_Problem description:_ Show all lines from the data that include the word "Long".

== Material to process ==

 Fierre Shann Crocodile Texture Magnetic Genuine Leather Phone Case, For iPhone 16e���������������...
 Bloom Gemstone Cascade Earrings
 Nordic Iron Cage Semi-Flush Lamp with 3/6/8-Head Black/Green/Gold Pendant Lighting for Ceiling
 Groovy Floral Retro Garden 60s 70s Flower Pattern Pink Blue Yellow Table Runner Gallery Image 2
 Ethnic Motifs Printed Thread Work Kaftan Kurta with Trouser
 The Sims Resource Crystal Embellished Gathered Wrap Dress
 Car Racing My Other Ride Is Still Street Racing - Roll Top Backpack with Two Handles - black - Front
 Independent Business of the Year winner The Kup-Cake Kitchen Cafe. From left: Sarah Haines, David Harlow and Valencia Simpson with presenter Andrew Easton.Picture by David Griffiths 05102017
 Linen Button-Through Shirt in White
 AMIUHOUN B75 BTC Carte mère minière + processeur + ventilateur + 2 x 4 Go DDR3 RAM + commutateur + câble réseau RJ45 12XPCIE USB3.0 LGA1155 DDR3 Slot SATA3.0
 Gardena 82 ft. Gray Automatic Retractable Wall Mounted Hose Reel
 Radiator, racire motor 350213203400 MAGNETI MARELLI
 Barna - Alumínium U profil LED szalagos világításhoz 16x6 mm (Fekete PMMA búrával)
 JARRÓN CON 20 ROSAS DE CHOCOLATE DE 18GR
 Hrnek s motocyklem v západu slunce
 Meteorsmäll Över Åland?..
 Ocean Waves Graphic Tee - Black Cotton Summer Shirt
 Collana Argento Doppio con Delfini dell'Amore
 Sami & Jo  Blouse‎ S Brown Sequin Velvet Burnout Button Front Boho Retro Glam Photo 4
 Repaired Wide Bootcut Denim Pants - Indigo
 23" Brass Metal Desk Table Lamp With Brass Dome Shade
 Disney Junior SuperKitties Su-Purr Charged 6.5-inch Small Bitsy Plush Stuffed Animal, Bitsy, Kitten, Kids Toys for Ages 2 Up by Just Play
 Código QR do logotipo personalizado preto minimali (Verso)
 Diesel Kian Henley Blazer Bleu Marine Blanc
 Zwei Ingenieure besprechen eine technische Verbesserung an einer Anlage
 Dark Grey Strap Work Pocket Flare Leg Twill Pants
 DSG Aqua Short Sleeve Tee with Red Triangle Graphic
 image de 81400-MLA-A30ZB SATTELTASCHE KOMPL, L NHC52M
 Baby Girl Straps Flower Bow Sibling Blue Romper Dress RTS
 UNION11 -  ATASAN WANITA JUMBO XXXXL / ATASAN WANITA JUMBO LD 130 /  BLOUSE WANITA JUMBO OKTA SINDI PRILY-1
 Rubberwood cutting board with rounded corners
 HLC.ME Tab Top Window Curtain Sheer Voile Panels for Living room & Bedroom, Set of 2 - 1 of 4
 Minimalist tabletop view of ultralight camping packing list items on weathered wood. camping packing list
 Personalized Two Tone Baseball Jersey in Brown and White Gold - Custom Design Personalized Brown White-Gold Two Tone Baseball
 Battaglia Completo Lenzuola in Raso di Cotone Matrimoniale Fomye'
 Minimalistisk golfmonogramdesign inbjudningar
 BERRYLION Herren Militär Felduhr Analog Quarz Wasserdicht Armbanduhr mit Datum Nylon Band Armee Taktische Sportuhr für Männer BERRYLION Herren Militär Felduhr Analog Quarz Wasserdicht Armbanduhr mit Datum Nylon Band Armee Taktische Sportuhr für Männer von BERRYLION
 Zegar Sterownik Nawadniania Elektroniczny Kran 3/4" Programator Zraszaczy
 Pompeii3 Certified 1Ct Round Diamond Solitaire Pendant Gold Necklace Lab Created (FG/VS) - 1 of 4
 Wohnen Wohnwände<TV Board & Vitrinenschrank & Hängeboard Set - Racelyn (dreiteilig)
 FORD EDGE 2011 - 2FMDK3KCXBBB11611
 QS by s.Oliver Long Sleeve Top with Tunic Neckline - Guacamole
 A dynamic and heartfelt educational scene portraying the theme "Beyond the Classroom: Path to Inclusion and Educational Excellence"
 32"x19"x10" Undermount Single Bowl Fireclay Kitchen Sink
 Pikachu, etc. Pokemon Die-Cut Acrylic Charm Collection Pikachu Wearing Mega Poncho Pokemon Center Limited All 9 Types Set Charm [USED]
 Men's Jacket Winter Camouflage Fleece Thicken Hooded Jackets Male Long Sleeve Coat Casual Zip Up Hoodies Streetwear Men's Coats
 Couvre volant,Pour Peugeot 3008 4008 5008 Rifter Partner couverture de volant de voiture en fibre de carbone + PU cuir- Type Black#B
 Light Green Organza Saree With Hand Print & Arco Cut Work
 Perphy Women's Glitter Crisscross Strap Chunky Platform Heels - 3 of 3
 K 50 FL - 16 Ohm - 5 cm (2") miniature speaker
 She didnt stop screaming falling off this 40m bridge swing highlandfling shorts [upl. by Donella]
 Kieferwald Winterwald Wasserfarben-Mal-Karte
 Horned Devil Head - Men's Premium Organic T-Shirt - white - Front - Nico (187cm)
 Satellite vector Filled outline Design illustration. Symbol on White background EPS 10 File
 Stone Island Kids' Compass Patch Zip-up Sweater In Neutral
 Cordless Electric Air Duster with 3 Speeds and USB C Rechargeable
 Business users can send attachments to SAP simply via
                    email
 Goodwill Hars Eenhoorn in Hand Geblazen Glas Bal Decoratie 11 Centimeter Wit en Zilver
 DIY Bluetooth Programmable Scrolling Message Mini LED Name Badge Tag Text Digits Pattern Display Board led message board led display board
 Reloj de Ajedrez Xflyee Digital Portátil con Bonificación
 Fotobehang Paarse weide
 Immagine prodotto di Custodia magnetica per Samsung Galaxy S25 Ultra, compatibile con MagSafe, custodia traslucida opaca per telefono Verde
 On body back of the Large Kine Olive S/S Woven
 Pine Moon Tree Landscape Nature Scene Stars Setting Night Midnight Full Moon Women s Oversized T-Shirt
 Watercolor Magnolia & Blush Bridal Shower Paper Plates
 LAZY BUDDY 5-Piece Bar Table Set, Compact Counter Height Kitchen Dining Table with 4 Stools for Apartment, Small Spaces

===

_Answer for this exercise:_
 QS by s.Oliver Long Sleeve Top with Tunic Neckline - Guacamole
 Men's Jacket Winter Camouflage Fleece Thicken Hooded Jackets Male Long Sleeve Coat Casual Zip Up Hoodies Streetwear Men's Coats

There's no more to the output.